What is expected – Would you please copy the part of the material below that opens with the line containing "Divertido y espeluznante" and closes with the line containing "giraffe cartoon xmas background 1"? Copy it exactly, and only it.

Data shown –
▬▬▬▬▬▬

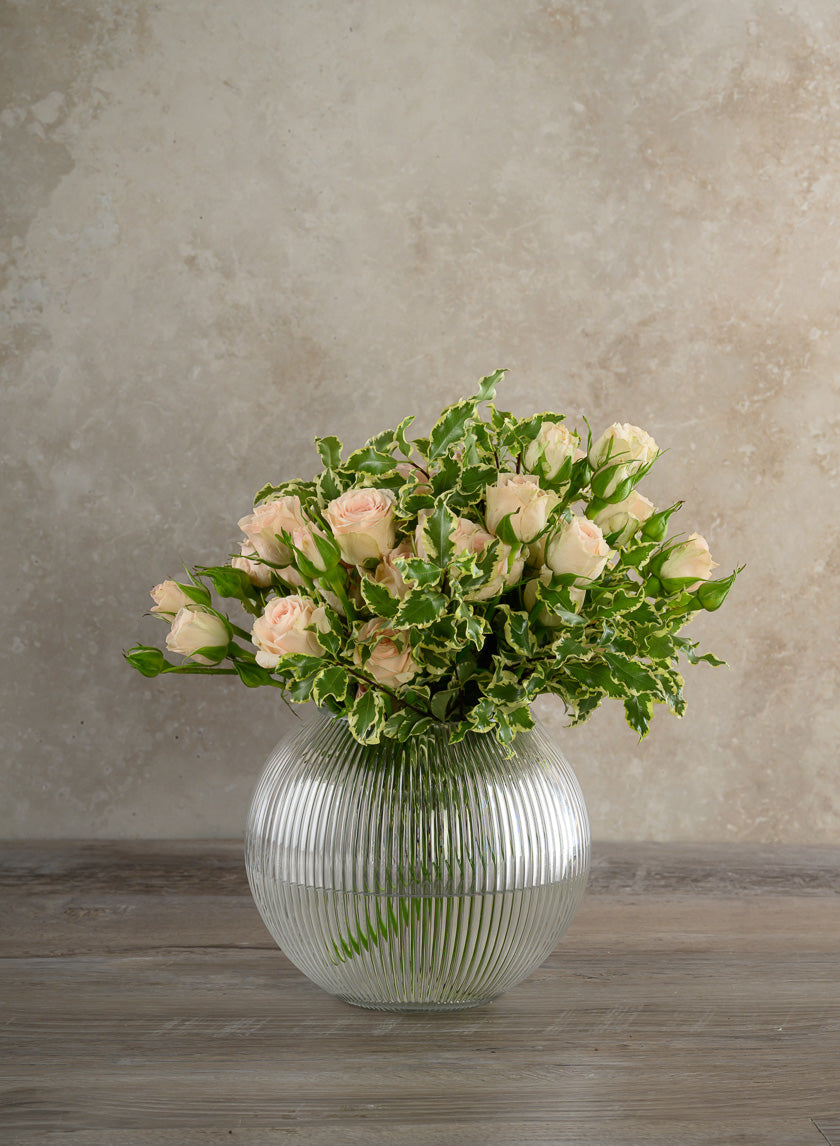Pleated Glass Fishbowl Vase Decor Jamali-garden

▬▬▬▬▬▬

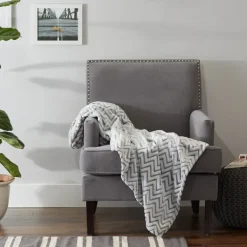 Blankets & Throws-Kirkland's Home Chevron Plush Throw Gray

▬▬▬▬▬▬

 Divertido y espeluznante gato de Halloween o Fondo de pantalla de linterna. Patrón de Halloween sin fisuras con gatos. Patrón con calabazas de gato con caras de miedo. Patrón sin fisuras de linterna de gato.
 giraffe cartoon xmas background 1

▬▬▬▬▬▬

Solution for this task –
 Divertido y espeluznante gato de Halloween o Fondo de pantalla de linterna. Patrón de Halloween sin fisuras con gatos. Patrón con calabazas de gato con caras de miedo. Patrón sin fisuras de linterna de gato.
 giraffe cartoon xmas background 1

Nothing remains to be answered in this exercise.